(Scraped caption text data)
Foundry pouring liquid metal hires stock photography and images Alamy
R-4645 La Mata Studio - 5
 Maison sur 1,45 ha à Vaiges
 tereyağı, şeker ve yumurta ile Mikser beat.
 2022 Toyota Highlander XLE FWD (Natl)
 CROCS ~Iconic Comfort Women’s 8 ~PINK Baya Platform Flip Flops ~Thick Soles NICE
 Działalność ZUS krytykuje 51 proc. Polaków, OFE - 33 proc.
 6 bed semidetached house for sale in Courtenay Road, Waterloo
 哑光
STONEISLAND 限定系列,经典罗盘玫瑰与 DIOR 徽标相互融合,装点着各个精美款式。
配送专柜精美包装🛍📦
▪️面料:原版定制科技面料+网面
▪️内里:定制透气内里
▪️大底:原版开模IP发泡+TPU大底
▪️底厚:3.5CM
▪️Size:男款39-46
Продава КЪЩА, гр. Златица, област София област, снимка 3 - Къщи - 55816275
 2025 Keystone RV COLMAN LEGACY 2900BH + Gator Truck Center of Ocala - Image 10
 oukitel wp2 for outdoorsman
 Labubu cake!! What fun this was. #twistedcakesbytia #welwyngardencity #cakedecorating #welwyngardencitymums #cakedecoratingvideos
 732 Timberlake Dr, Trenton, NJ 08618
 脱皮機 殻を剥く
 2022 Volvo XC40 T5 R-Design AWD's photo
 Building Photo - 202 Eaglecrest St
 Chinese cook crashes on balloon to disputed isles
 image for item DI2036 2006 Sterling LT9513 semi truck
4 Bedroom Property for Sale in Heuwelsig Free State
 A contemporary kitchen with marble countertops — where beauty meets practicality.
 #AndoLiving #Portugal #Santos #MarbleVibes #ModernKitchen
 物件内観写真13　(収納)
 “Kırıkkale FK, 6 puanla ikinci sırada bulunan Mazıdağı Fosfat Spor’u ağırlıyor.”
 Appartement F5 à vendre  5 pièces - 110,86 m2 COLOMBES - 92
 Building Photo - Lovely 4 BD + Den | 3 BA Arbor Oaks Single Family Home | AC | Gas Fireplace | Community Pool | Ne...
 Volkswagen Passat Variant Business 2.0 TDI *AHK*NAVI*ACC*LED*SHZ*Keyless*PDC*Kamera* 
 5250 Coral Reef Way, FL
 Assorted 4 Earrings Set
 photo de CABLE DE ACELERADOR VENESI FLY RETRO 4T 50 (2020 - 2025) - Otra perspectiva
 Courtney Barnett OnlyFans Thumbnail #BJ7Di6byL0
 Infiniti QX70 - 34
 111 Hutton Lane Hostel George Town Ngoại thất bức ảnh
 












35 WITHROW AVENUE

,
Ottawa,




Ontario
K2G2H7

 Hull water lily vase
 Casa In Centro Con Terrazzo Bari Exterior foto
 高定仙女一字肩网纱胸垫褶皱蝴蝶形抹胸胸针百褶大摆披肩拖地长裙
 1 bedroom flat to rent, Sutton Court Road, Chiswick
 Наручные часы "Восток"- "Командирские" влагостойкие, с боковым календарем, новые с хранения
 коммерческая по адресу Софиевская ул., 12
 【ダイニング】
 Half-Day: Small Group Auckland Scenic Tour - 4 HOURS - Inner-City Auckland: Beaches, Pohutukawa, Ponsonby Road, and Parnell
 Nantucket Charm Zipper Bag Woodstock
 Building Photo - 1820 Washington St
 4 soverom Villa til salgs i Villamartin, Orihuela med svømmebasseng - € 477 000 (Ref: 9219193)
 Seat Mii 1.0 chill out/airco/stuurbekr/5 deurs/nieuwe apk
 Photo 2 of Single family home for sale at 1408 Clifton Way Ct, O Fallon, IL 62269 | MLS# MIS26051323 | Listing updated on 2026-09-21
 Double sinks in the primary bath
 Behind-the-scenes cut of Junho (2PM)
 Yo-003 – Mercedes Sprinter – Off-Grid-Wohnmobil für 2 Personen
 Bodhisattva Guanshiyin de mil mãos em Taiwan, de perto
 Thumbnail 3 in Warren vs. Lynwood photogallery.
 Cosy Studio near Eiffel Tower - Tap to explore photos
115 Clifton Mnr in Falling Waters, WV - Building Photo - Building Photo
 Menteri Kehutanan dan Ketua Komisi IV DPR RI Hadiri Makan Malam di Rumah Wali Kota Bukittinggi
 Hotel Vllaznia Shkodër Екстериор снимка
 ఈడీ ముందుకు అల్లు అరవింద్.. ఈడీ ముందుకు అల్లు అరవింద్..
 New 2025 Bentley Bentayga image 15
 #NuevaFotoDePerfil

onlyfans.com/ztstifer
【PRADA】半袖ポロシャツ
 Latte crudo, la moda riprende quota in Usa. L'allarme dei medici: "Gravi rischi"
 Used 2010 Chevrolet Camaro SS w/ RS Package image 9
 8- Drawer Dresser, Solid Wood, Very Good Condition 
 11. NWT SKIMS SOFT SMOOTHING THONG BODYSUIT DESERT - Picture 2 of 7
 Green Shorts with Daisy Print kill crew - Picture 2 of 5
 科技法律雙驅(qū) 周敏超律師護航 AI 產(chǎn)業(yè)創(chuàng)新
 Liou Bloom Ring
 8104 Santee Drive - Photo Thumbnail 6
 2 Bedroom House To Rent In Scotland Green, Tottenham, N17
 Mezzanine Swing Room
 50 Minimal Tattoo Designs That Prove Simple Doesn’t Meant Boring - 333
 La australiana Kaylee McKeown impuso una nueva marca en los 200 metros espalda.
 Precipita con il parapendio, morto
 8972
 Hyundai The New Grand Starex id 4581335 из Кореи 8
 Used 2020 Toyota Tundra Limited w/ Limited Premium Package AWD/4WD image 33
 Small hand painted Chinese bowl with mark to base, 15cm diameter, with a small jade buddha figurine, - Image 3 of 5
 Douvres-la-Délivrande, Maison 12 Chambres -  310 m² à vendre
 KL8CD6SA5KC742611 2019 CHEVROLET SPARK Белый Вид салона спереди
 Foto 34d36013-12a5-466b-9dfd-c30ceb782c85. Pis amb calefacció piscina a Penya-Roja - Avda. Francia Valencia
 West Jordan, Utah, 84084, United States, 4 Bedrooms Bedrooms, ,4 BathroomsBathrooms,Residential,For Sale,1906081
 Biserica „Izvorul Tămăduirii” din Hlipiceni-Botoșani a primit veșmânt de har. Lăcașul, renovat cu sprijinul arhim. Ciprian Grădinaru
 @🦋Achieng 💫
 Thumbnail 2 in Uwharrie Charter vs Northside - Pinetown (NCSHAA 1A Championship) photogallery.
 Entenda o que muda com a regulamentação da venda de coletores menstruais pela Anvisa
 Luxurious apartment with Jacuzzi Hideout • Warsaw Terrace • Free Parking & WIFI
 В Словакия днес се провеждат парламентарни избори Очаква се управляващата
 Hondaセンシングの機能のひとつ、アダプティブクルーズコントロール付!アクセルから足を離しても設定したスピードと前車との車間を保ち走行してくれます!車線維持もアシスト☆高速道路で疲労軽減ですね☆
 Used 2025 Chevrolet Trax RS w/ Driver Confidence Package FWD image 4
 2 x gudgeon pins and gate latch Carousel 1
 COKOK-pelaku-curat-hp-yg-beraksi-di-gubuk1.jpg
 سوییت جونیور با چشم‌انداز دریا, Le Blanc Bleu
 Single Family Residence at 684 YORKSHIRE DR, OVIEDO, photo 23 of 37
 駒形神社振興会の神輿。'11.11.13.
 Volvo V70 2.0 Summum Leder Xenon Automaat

▸ EXERCISE: Find every line above where the word "Thumbnail" occurs, and copy that line.

▸ TASK ANSWER:
 Courtney Barnett OnlyFans Thumbnail #BJ7Di6byL0
 Thumbnail 3 in Warren vs. Lynwood photogallery.
 8104 Santee Drive - Photo Thumbnail 6
 Thumbnail 2 in Uwharrie Charter vs Northside - Pinetown (NCSHAA 1A Championship) photogallery.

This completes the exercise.